The Borgata casino in Atlantic City is seeking $15.5 million from Phil Ivey after a federal judge ruled last month that the poker player was in breach of his contract with the casino during four sessions of mini-baccarat in 2012.
Ivey and his accomplice Cheng Yin Sun “won” $9.6 million using a practice known as edge-sorting, in which a player can turn the odds in their favor by identifying tiny discrepancies in symmetry on the backs of cards.
Ivey and Sun have never denied edge-sorting but claim they won the games without cheating, using skill. The Borgata disagreed and sued for its money back, claiming fraud.
$249,000 in Comps
Last month’s judicial decision cleared the pair of fraud but ruled that they were in breach of contract with the Borgata. The judge also said they had violated New Jersey’s Casino Control Act by adjusting the odds of baccarat in their favor.

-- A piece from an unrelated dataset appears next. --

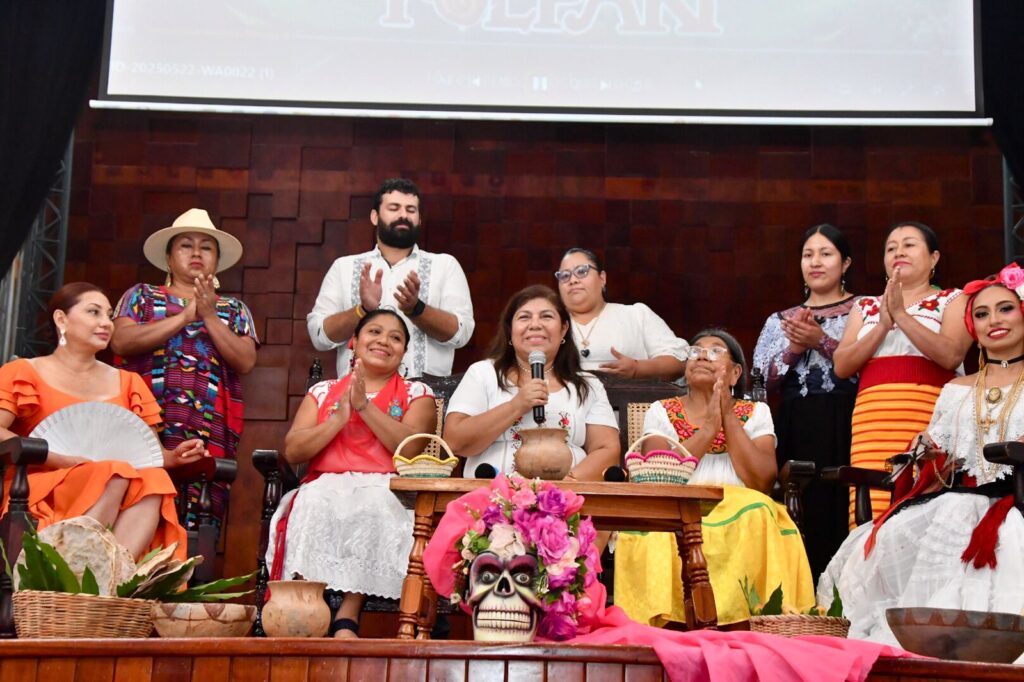¡Disfruta de Yolpaki en Veracruz!📍Del 23 al 25 de mayo, vive un encuentro único que celebra lo mejor de las culturas y regiones de nuestro estado, con música, danza, desfiles, arte y mucho más 🎊🫶.#VeracruzEstáDeModa ✨ pic.twitter.com/OPEa4xAFiB— Rocío Nahle (@rocionahle) May 21, 2025
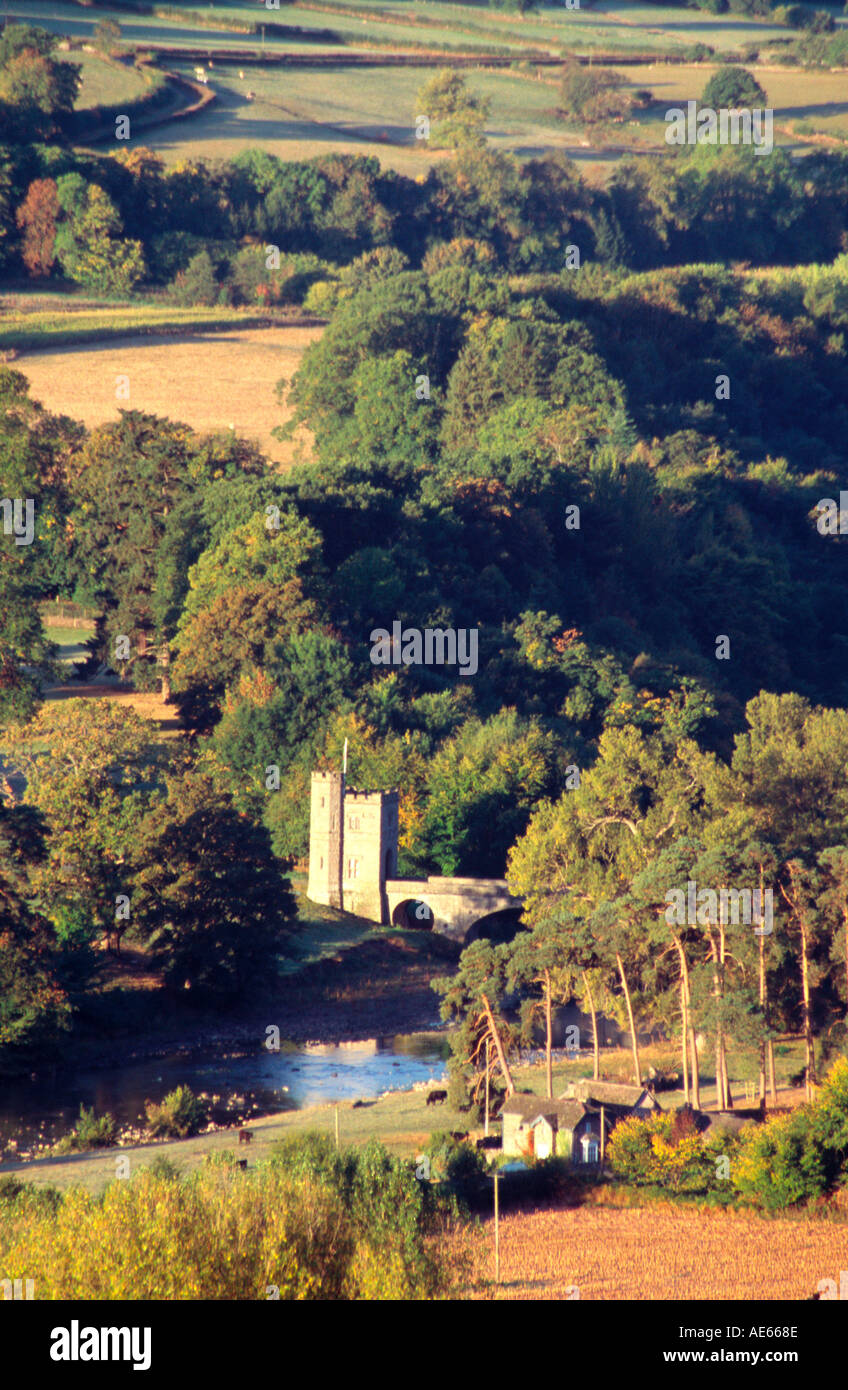 Pont y Bryn verletzt Glanusk Park Tal des Flusses Usk nahe Crickhowell Powys, Wales Stockfoto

The Borgata was asked to submit a new brief outlining damages resulting from the breach of contract and its preferred judgement. In the brief, filed to the court on Wednesday, the casino says, firstly, it wants the disputed funds returned.
This has become a larger figure of $10.1 million, presumably because it includes interest.
The Borgata is also seeking $249,000 on top of that, which represents the players’ comps during the four sessions. Either some private jets were involved or they were drinking Chateau Margaux by the bath-load.
And lastly, it’s also claiming something called “expectation damages,” to the tune of $5.4 million. This is a bold one: the Borgata believes that had Ivey and Sun been playing the sessions without edge-sorting they would have lost $5.4 million, according to the expected value of the mathematical house edge.
In April 2012, Ivey played 1,180 hands with an average bet of $25,000.
In May 2012, it’s 4,215 hands with an average bet of $36,000.
In July 2012, it’s 1,373 hands with an average bet of $93,000.
In Oct. 2012, it’s 1,850 hands with an average bet of $96,000.
The Borgata will have a hard time justifying this one, since it’s unlikely that Ivey and Sun would have been playing the games without their edge, at least for the above stakes.
And since Ivey and Sun were edge-sorting, the casino is essentially claiming losses that don’t exist on a game that was never played, and we can’t imagine that sits well with New Jersey’s Casino Control Act either.
The likelihood, of course, is that the Borgata isn’t expecting to receive its expectation damages but is simply bidding as high as it possibly can in an attempt to guarantee the highest possible settlement.
Ivey and Sun’s legal team has 20 days to respond to the Borgata brief.